Übungsplatz〔練習場〕

福居伸宏 Nobuhiro Fukui https://fknb291.info/

メモ

浅田彰草間彌生の勝利】「手帖 1999」第5回(『波』1999年7月号 新潮社 刊)

 ちなみに、東京都現代美術館では、草間彌生の回顧展と並んで、荒木経惟の写真展が開かれている。コラボレーションや対談も行なっているとはいえ、実のところこの2人ほど対極的な存在はない。ひとことで言えば「本もの」と「偽もの」、あるいはニーチェの言葉で言えば「強者」と「弱者」というところだろうか。実際、「センチメンタルな写真、人生」と題する荒木経惟展に見られるのは、まさしくセンチメンタルな私小説の写真版でしかない。妻との新婚旅行。その妻との死別。妻の死後、空っぽのヴェランダから空を撮り続ける写真家。そしていま、そのヴェランダにはカラフルな花々が溢れ、写真家の分身であるらしい爬虫類のフィギュアが這い回っている。死を超えた生の横溢? いや、そこにあるのは、そういうセンチメンタルな物語にすがることでしか生きられないひ弱な「私」、しかも、そのような自分を売り物にして弱者の群れの歓心を買おうと計算するさもしい「私」でしかないのだ。もちろん、「弱者」は実際にはつねに多数派であり、その意味ではむしろ強者といってよい。現に、一昔前なら私小説に夢中になったであろうひ弱な「文学青年」たちが、「写真評論家」や「美術評論家」を自称し、寄ってたかって荒木経惟の「私写真」を「芸術」に祭り上げてしまったのであり、その展覧会は、草間彌生展を上回る数の大衆を惹きつけているのである。何よりも問題なのは、どうやら写真家自身が自分でも「芸術家」のつもりになっているらしいことだ。百歩譲って言えば、『写真時代』(白夜書房)などの「エロ雑誌」で猥褻表現の限界をめぐって警察とゲリラ戦を展開し、「恥部屋」と称する狭い空間の壁から天井からすべてを女性器の写真で埋め尽くしていた頃の荒木経惟の写真は、いわば徹底して薄汚れてあることによって、逆に一種のマイノリティとしての気概を感じさせた。いま残されているのは、希薄化されたその形骸でしかない。写真そのものはもとより、プリントやディスプレイからしてすでに、徹底してチープでもなければ、徹底してゴージャスでもない、つまりは、いかにも中途半端なのだ。それにしても、こういうウェットな感傷にまみれた薄汚い写真が日本の現代芸術の代表とみなされ、公立の美術館で大規模な展覧会が開催されるというのは、なんという倒錯だろう。

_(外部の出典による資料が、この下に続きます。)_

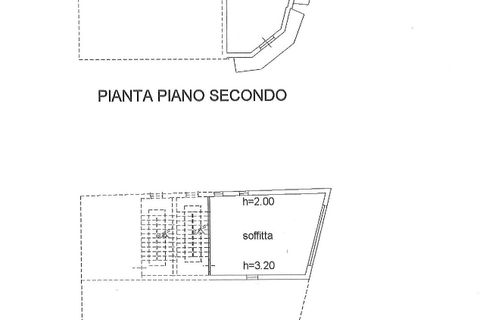 Villa i Alba Adriatica, Teramo, Alba Adriatica - € 280.000 | Ref: 021A/CS - foto 6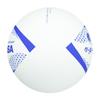 MIKASA Farbe Weicher Umfang Zertifizierter Ball Volleyball, 78cm, (Weiß) MSN78-W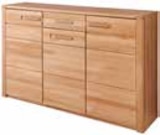 XL-Schuhschrank Angebote bei Zurbrüggen Herten für 585,00 €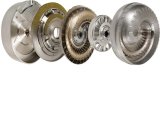BD Diesel Converter - 1988-1993 Dodge 5.9L 727/518 thumbnail 7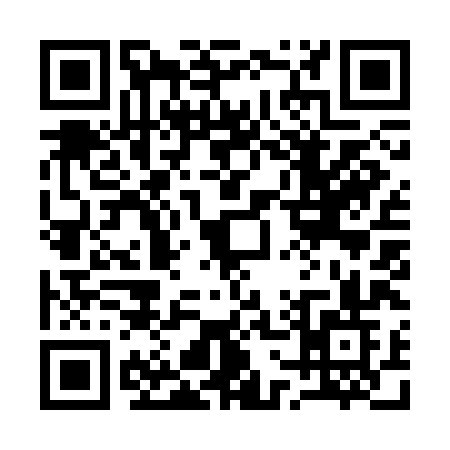 QR code for 1793HGW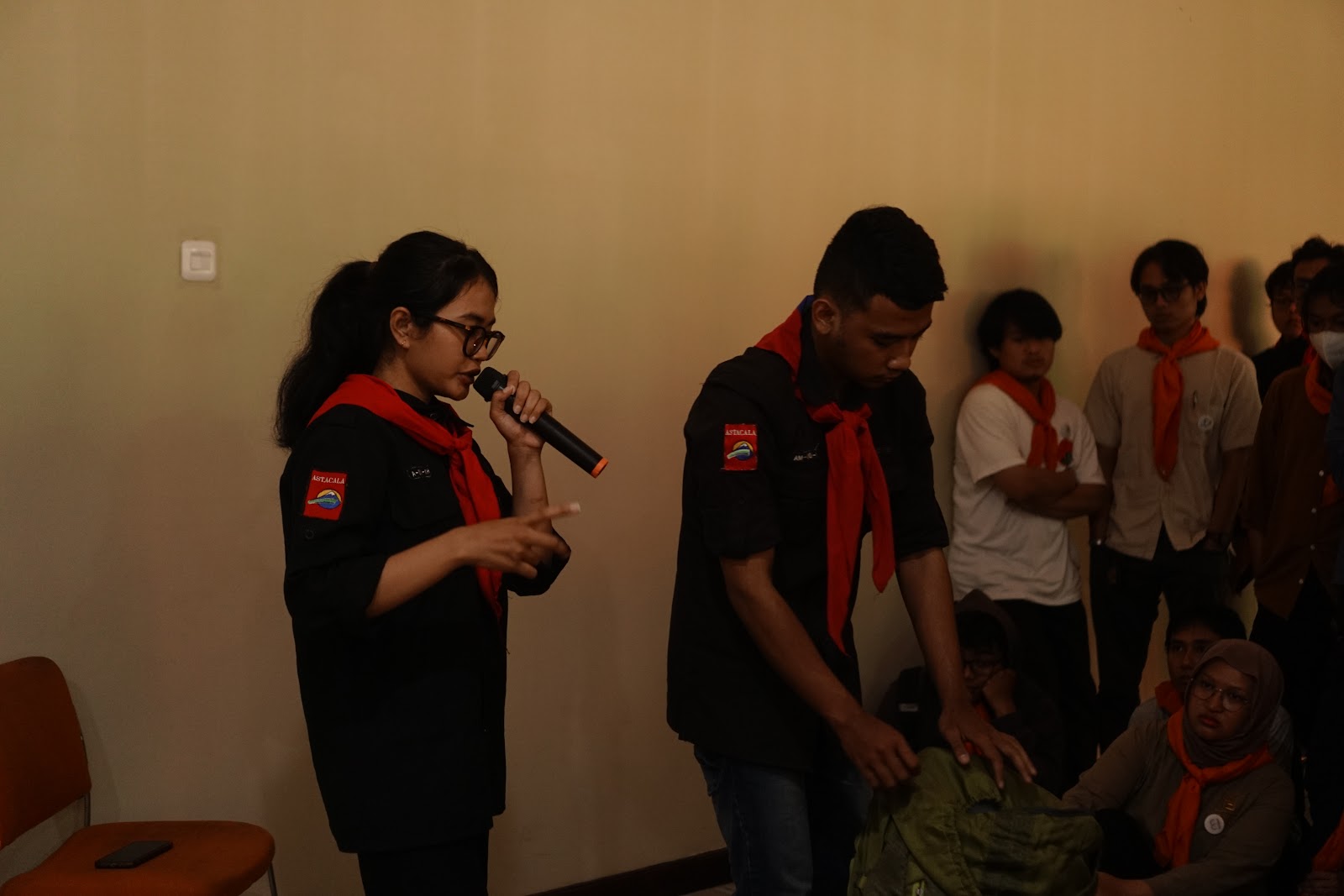 DSC04934.JPG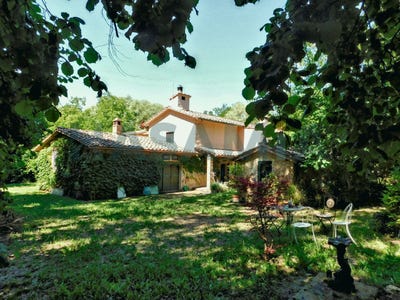 /international/it/localita-frosini-chiusdino-tuscany-310109308514/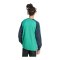 adidas Originals Jersey Grün - gruen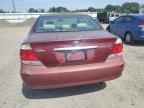 2005 Toyota Camry Le for Sale in Portland, OR - Front End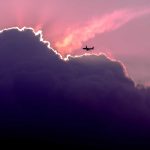 Harga Emas Antam Hari Ini Tak Bergerak, Tetap Rp2,825 Juta per Gram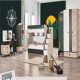 Complete kinderkamer sets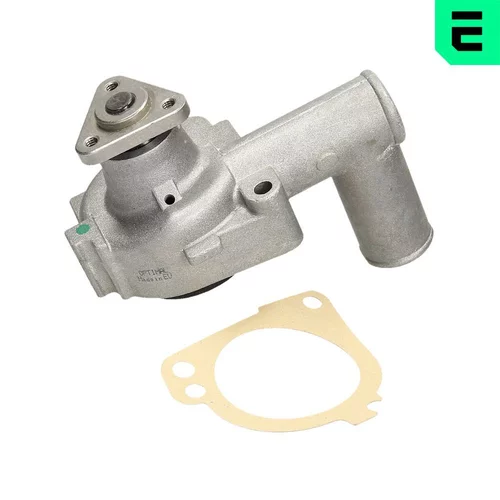 Vodné čerpadlo, chladenie motora AQ-1161 /OPTIMAL/ - obr. 1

http://www.kojinkaratani.com/criticalspace/old/special/asada/techo05.html
文芸誌『波』にて発表された当初、写真関係者の間でかなり話題になった文章とのことですが、荒木経惟さん(アラーキー)を高くしていた人々(評論家?)からの擁護なり反論なりはほとんどなかったようです(いずれ要確認)。